With the aid of a field trail camera and a solar power source, I was able to keep tabs on the activity surrounding the man made bear den. Here's a picture taken after 3 of the cubs went inside the den, with Flora on the outside peeking in.

Other critters showed interest in the den as well. This is Mo, from Goldilocks' previous set of quadruplets checking out the den. Mo is a single female who mated with Peter Pan and Robyn Hood last June.

Even Mr. Foxworthy seems a bit interested. You can see Mrs. Foxworthy's eyes glowing on the other side of the brush pile.

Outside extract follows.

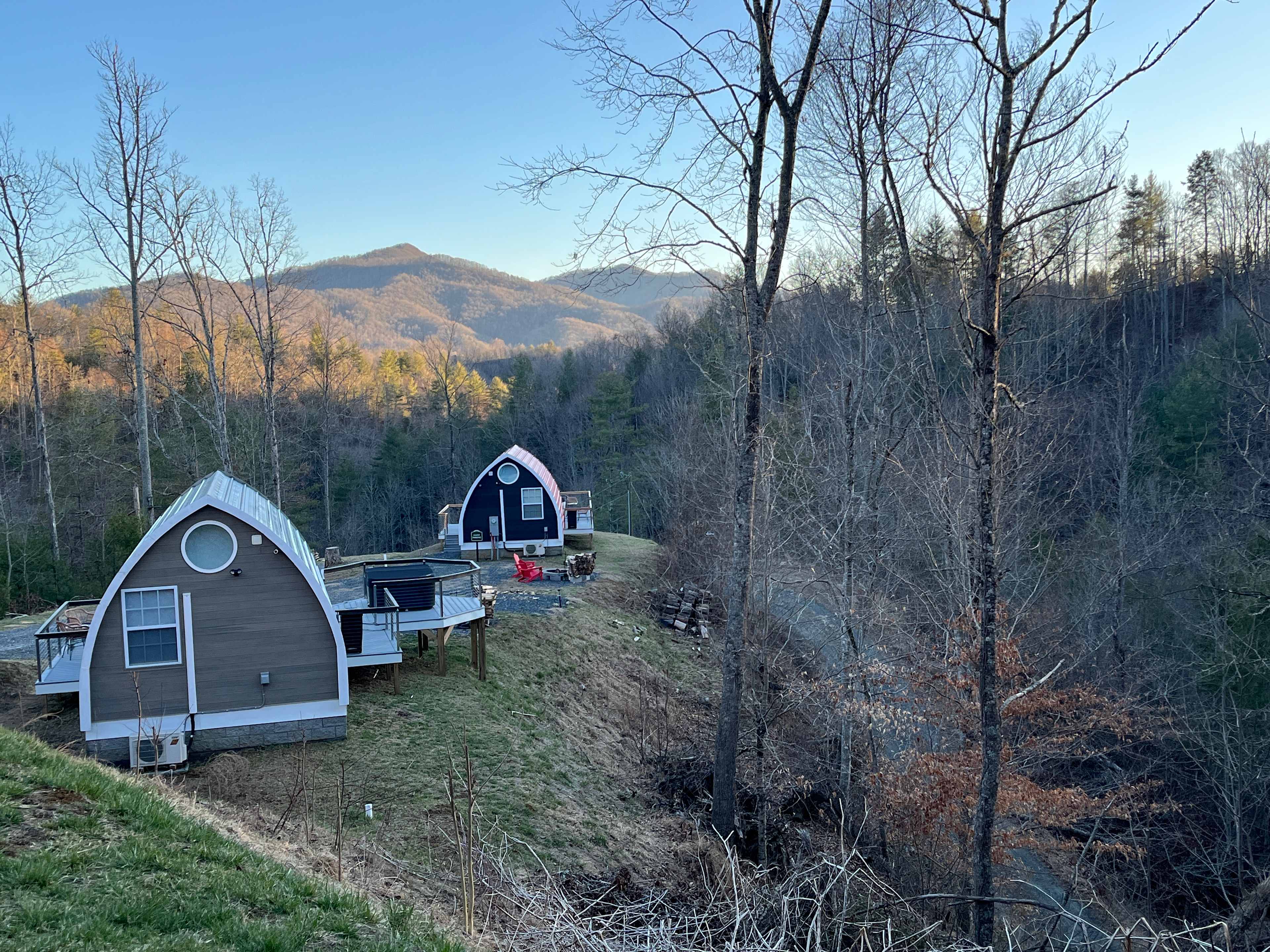 Romantic, hot tub, pet friendly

Alas, Big Sigh. My carefully designed and engineered bear den was rejected. Here's the last photo I got of the cubs on the trail camera, taken the 3rd week of December (notice that Fern's eye's are glowing like the little demon he is.) I was worried sick because the cubs should have been hibernating by this time.

Just a few days later, the snow blanketed the area entirely. I checked for bear footprints often but saw nothing. I took this as a good sign. And so the long cold snowy winter began. I hoped for the best, but prepared myself for the worst. And I spent all winter wondering...

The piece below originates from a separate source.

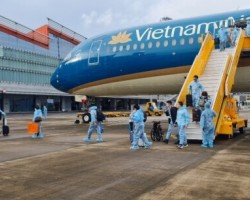 Hành khách trên chuyến bay từ Pháp xuống sân bay Vân Đồn (Quảng Ninh), trong chương trình thí điểm hộ chiếu vaccine, sáng 23/9. Ảnh: Bình Minh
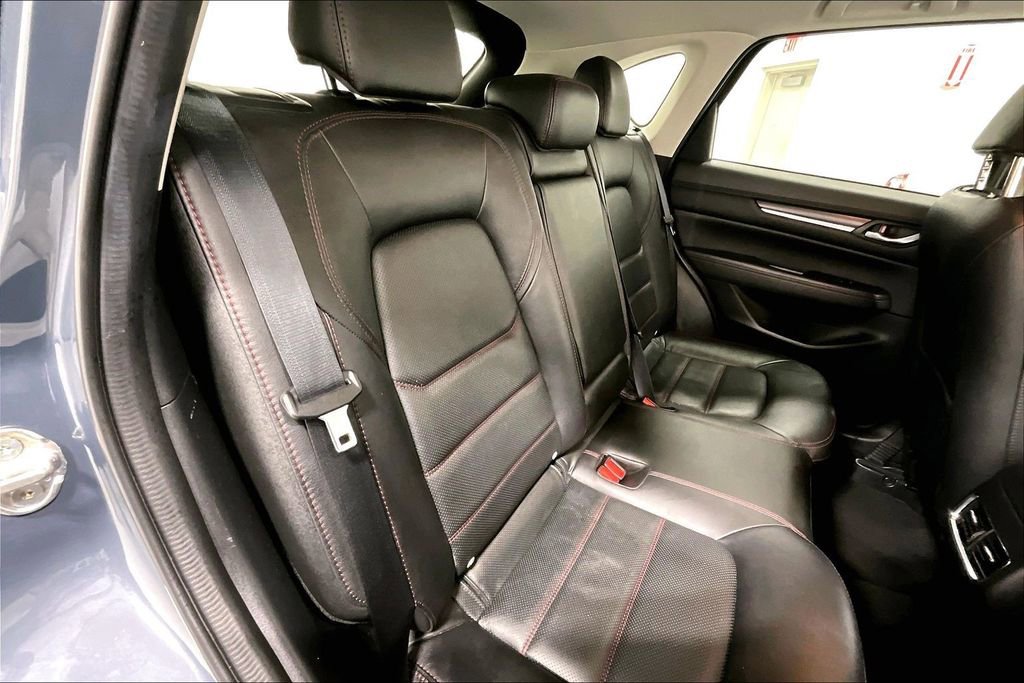 Used 2024 MAZDA CX-5 Carbon Edition image 36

Wondering if the cubs had found proper shelter.
Wondering if they had gained enough weight prior to hibernation.
Wondering if they hibernated at all.
Wondering if they would die.
Wondering if they would live.

Wondering and wondering and wondering and imagining all sorts of outcomes. Self doubt crept in and reared it's ugly head. Had I done the right thing? Had I interfered with nature? What was I doing...a novice nature photographer trying to rear bear cubs??? Who the heck did I think I was anyway....attempting to raise quadruplet orphan bear cubs in the wild! All the naysayers ganged up on me in one fell swoop.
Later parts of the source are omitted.